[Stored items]
--*--

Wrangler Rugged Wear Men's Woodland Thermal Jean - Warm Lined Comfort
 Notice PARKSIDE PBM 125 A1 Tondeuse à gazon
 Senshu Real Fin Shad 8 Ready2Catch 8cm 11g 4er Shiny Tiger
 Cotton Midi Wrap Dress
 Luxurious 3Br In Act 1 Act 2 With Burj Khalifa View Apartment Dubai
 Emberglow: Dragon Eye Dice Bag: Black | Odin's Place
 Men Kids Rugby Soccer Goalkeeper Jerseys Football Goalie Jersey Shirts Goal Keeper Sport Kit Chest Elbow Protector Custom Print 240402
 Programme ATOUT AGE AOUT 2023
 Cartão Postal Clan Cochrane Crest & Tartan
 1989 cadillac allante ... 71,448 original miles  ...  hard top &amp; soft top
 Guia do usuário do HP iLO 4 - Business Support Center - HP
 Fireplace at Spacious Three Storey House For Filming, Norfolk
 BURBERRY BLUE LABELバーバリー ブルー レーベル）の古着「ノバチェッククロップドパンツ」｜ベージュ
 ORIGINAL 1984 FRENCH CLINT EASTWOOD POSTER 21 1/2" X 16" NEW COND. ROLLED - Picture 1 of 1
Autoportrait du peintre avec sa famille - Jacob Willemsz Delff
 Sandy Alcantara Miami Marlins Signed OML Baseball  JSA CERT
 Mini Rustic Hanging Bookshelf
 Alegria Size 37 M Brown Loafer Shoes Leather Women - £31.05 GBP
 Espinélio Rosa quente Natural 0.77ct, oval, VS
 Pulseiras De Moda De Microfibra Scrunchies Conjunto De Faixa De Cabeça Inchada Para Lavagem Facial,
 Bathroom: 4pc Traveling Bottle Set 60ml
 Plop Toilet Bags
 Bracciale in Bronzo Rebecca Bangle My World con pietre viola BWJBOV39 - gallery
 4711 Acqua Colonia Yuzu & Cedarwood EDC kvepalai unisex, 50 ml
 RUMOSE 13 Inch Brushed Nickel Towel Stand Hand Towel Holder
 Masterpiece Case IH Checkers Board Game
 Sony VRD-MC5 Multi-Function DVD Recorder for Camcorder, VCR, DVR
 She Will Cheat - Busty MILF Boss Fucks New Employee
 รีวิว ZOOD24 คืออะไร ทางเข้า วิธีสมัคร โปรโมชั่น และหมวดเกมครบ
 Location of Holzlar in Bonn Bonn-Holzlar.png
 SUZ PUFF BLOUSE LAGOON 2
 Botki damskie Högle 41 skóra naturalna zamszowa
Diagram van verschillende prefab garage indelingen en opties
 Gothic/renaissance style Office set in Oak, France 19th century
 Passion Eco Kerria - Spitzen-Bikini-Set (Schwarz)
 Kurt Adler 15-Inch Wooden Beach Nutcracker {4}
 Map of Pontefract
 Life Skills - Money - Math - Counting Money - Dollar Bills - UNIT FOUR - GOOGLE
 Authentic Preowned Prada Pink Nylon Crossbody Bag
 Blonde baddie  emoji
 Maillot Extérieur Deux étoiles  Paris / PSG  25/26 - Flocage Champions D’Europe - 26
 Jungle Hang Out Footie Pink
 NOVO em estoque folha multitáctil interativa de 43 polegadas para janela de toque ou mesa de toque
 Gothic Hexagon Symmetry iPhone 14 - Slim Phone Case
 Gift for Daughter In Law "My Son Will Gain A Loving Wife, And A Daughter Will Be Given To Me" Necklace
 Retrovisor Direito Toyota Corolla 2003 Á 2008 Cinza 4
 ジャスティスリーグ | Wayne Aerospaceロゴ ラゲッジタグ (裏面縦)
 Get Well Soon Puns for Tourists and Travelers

--*--

Prompt: Copy out the lines above exactly, beginning at the one that contains "Luxurious 3Br In" and ending at the one that contains "Autoportrait du peintre".

Response to the exercise:
 Luxurious 3Br In Act 1 Act 2 With Burj Khalifa View Apartment Dubai
 Emberglow: Dragon Eye Dice Bag: Black | Odin's Place
 Men Kids Rugby Soccer Goalkeeper Jerseys Football Goalie Jersey Shirts Goal Keeper Sport Kit Chest Elbow Protector Custom Print 240402
 Programme ATOUT AGE AOUT 2023
 Cartão Postal Clan Cochrane Crest & Tartan
 1989 cadillac allante ... 71,448 original miles  ...  hard top &amp; soft top
 Guia do usuário do HP iLO 4 - Business Support Center - HP
 Fireplace at Spacious Three Storey House For Filming, Norfolk
 BURBERRY BLUE LABELバーバリー ブルー レーベル）の古着「ノバチェッククロップドパンツ」｜ベージュ
 ORIGINAL 1984 FRENCH CLINT EASTWOOD POSTER 21 1/2" X 16" NEW COND. ROLLED - Picture 1 of 1
Autoportrait du peintre avec sa famille - Jacob Willemsz Delff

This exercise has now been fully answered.